= Aim of the exercise =
The output must start at the line containing "Little Big Horn Ride" in the records below and stop at the last line, matching each line exactly and leaving out every picture.

START Data in this exercise

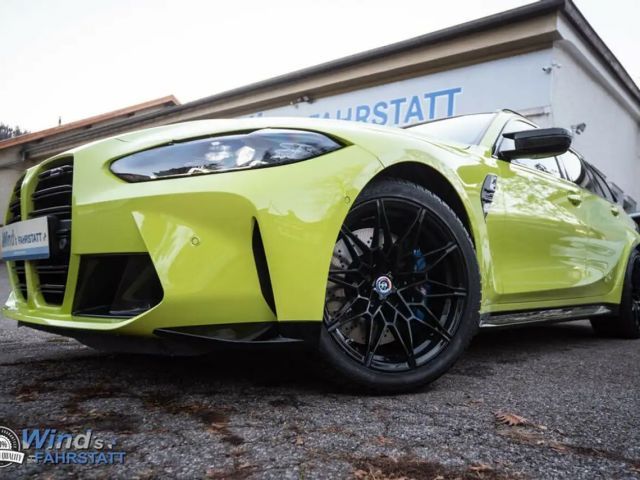 BMW M3 Competition xDrive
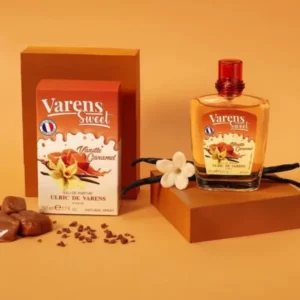 VARENS SWEET VANILLE CARAMEL EDP 50ML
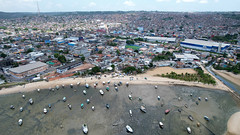 Obras do VLT em Salvador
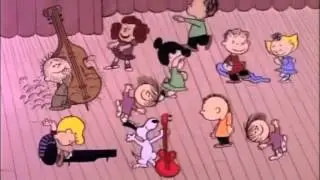 Harlem Shake (Peanuts Edition)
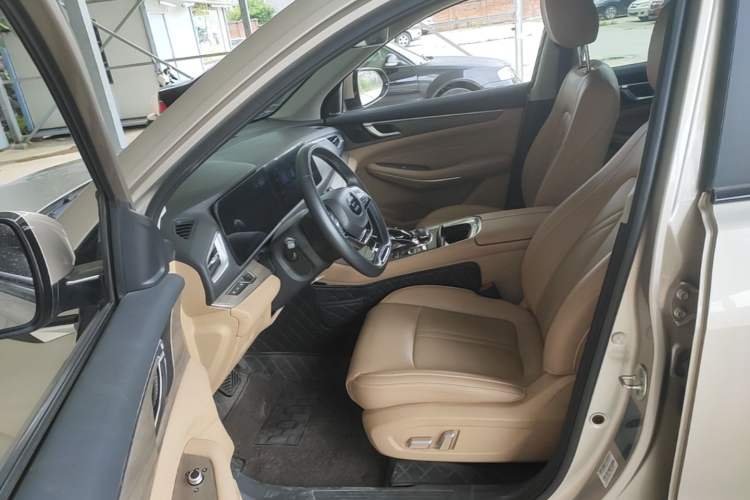 Used Landian E5 2023 1.5L DE-i 110KM Flagship 7-Seater Left Front Seat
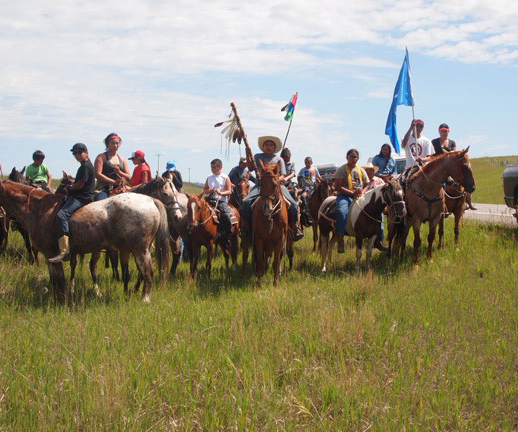 Little Big Horn Ride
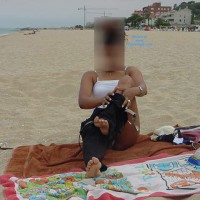 Pic #8 My First Time On A Nudist Beach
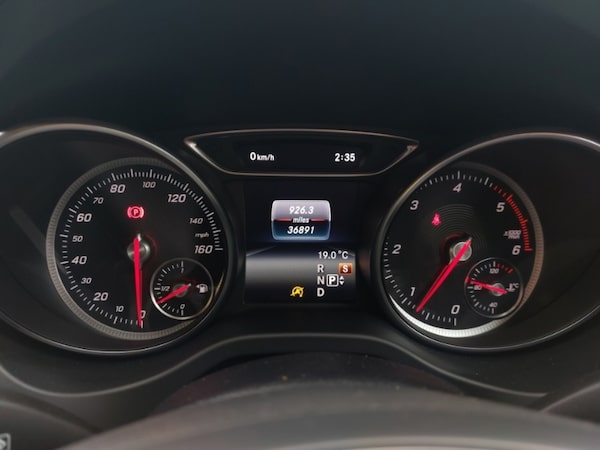 Used Mercedes-Benz GLA 2018 for sale - 76249856: Photo 17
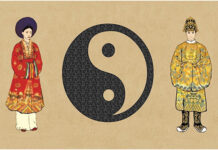 NGUỒN GỐC CỦA CÁCH NÓI “NAM TẢ NỮ HỮU”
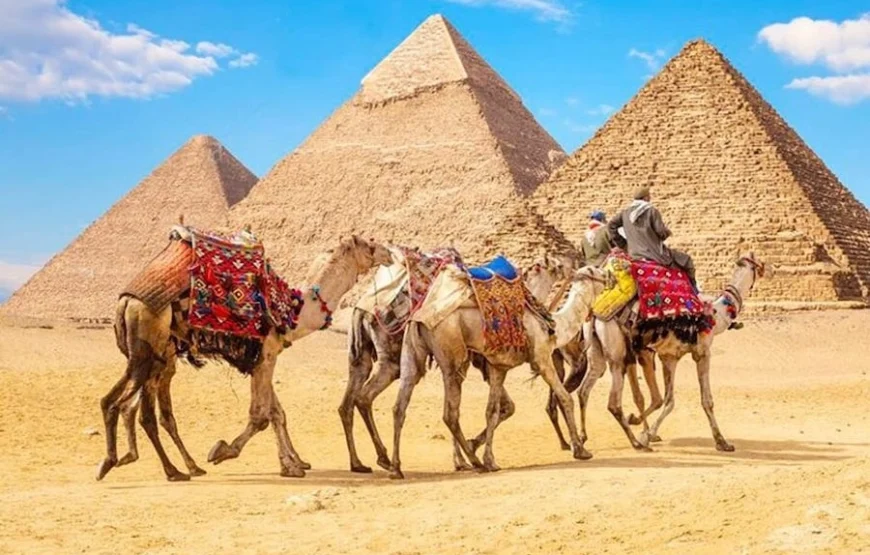 Cairo by Plane One Day  From Sharm El Sheikh hot with egyptian museum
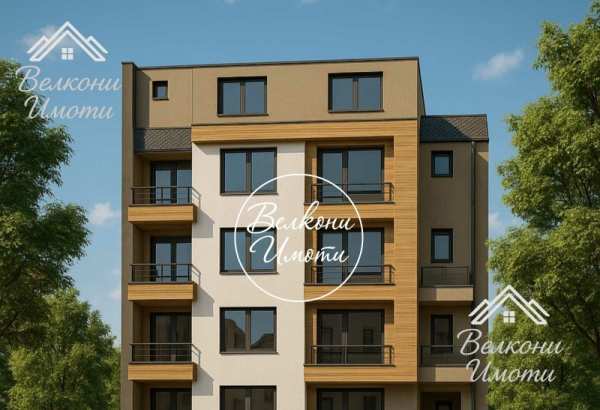 Продава 2-стаен, гр. пловдив, съдийски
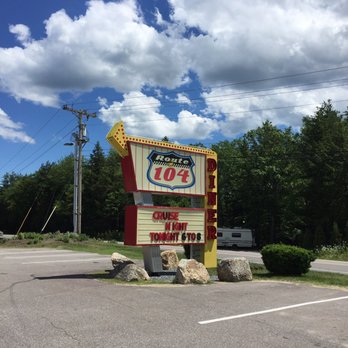 Route 104 Diner - Roadside - Diners Near Me - New Hampton, New Hampshire Route 104 Diner - Roadside - Diners Near Me - New Hampton, New Hampshire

END Data in this exercise

= Exercise response =
 Little Big Horn Ride
 Pic #8 My First Time On A Nudist Beach
 Used Mercedes-Benz GLA 2018 for sale - 76249856: Photo 17
 NGUỒN GỐC CỦA CÁCH NÓI “NAM TẢ NỮ HỮU”
 Cairo by Plane One Day  From Sharm El Sheikh hot with egyptian museum
 Продава 2-стаен, гр. пловдив, съдийски
 Route 104 Diner - Roadside - Diners Near Me - New Hampton, New Hampshire Route 104 Diner - Roadside - Diners Near Me - New Hampton, New Hampshire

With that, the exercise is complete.